Well this is certainly interesting. Netflix has a new original series and it plans to simply release the entire season all at once. It stars Steve Van Zandt (from the Sopranos).

I will watch because the premise sounds interesting but the fact that this is a pretty new model for TV viewing intrigues me.

It will be released on February 6th.


----------



## tiams (Apr 19, 2004)

By "released" do you mean on DVD or streaming?


----------



## sieglinde (Aug 11, 2002)

Streaming.


----------



## aadam101 (Jul 15, 2002)

It's streaming only. That's the biggest reason I want to watch. This is the first "big" streaming only show. Netflix is well on it's way to becoming a network. It also has "House of Cards" in the works and ARRESTED DEVELOPMENT!!!!!!!

It will also be interesting to see if there becomes a demand for DVD or a need for Netflix to license the show to other providers (Amazon or Hulu.......very unlikely for Hulu but I could see them selling individual episodes on Amazon)


----------



## USAFSSO (Aug 24, 2005)

Kinda early to start a season thread isn't it? The premier is a month away. Kinda tells you how crappy current tv is i guess.


----------



## aadam101 (Jul 15, 2002)

USAFSSO said:


> Kinda early to start a season thread isn't it? The premier is a month away. Kinda tells you how crappy current tv is i guess.


We started an American Horror Story Season 2 thread and that is at least a year away. I figured a lot of people may not know about this show so I decided to start a thread early.


----------



## sieglinde (Aug 11, 2002)

I would not have known about it without this thread. Thank you. Have it set on Netflix.


----------



## Hoffer (Jun 1, 2001)

Interesting thing is you can only add it to your DVD queue right now. It will never come to DVD. Well, maybe never is a strong word.

I just happened to hear about this show the other day on a podcast and thought it sounded interesting.


----------



## sieglinde (Aug 11, 2002)

Right. But I figure when the date comes it will go to my "save" list and say play beside the episodes.


----------



## USAFSSO (Aug 24, 2005)

I understand. didn't want to come off as the thread police. My point was how current TV sucks and how people will be going to these series on the internet. Will be interesting how this will work. Will they release it all at one time or will it be released an episode a week at a time. This has been the discussion with the upcoming "House of Cards" and "Arrested Development" in the next year or so. 

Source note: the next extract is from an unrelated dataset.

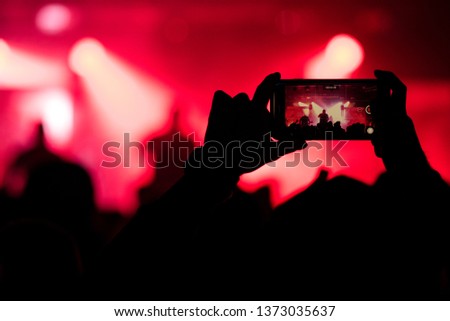 Music concert, silhouette of girls hands raised up, enjoying in the club, luxury night performance, active lifestyle, having fun, background.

We may need to start a new category "Now Playing - Streaming Talk". I only say this for the fact that we usually watch a whole season in one or two sessions.


----------



## midas (Jun 1, 2000)

Really looking forward to this. Netflix now has the trailer up and it looks great.


----------



## aadam101 (Jul 15, 2002)

USAFSSO said:


> I understand. didn't want to come off as the thread police. My point was how current TV sucks and how people will be going to these series on the internet. Will be interesting how this will work. Will they release it all at one time or will it be released an episode a week at a time. This has been the discussion with the upcoming "House of Cards" and "Arrested Development" in the next year or so.
> 
> We may need to start a new category "Now Playing - Streaming Talk". I only say this for the fact that we usually watch a whole season in one or two sessions.


I completely see your point. I don't know how this will work. I don't think any show has ever just released a whole season all at once for it's first "airing". This is new territory. I like the model and for that reason hope the show does well. That is why I posted a thread about it as soon as I heard about it. I don't think it's gotten much press. I heard a lot about House of Cards and Arrested Development but I don't recall hearing anything about this until just recently.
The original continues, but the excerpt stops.